Another way that the corporate food system manifests itself in participants’ lives is through the unequal division of food outlets that sell safe food products in the city. As profit dictates where supermarkets choose to locate, low-income areas are not always an attractive option to sell the more valuable and high-quality foodstuffs. Tendai told me:
“Rich people have their own area. In our area, they sell expired foods. They are grading us.”
Looking beyond the corporate food system
Furthermore, highly processed and energy-dense food products are also sold by informal convenience shops (spaza shops) or street vendors. These are the places where many participants shop on their route from work or at times when they can’t manage to do their (bi)weekly bulk shopping at the supermarket. Even fresh produce in the informal sector ‘tastes like money’ one participant said referring to the taste of fertilisers. He added:
“It’s all about producing a lot in a short time to make fast money”.

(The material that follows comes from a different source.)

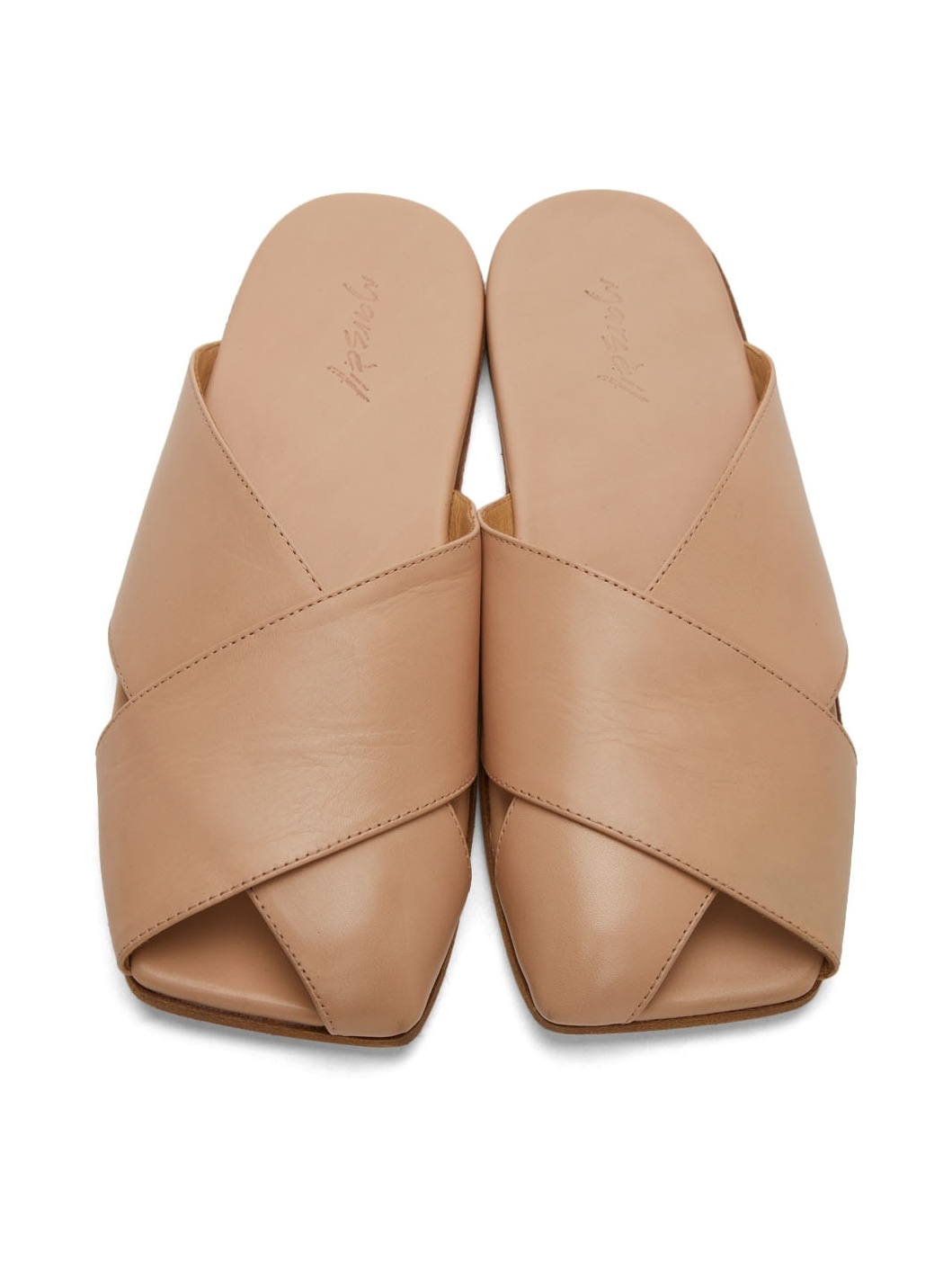 Tan Spatola Sandals - 5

Considering that informal business owners are trying to make a living in circumstances where they have been economically and socially undervalued and marginalised, do they have a choice to run their business differently? This shows that the political economy of a country also influences food environments of its inhabitants.
On a similar note, it is equally important to recognise that different combinations of residential segregation, socioeconomic inequality, unemployment, low levels of state protection, inadequate basic social services, inequities in law enforcement, the need to send remittances along with xenophobia, corruption, inefficiency and brutality also constrain Zimbabweans’ ability to source their preferred foods.

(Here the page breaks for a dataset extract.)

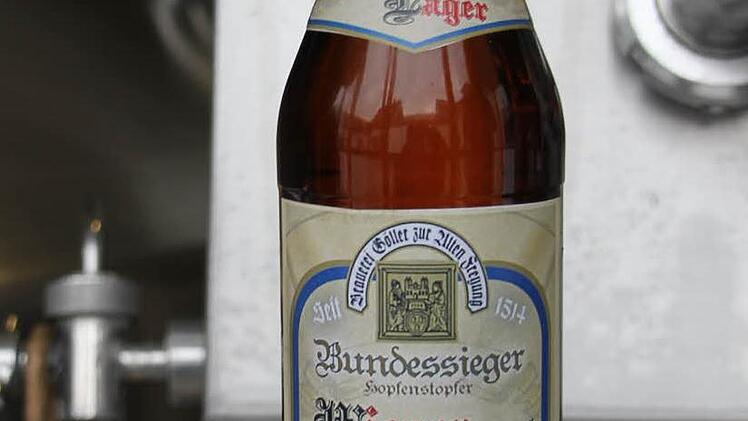 Ein Etiketten-Entwurf für das Bundessieger-Bier von Felix Göller, das mit 13 Prozent Stammwürze angesetzt werden soll.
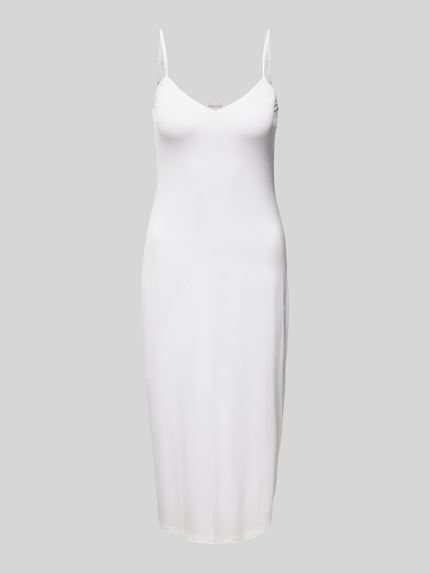 HANRO Unterkleid mit V-Ausschnitt Offwhite 1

Creativity and inventiveness in food acquisition
Yet, we should not overlook participants’ agency in navigating the aforementioned socio-political structures that shape their food environments. High-quality food with a natural taste or specific Zimbabwean products can be obtained through creativity, inventiveness and concerted effort. Urban agriculture and sharing its produce, convincing farm employer’s to grow Zimbabwean crops, cross-border trade, finding specific shops are all strategies for participants to consume their preferred foods.
My findings show that even though the food environment in Johannesburg provides a fertile ground for a nutrition transition, many resist, when possible, and certainly resent this development. In this way my data counters the view that urban Africa is set to follow a one-dimensional trajectory towards a fast food love affair.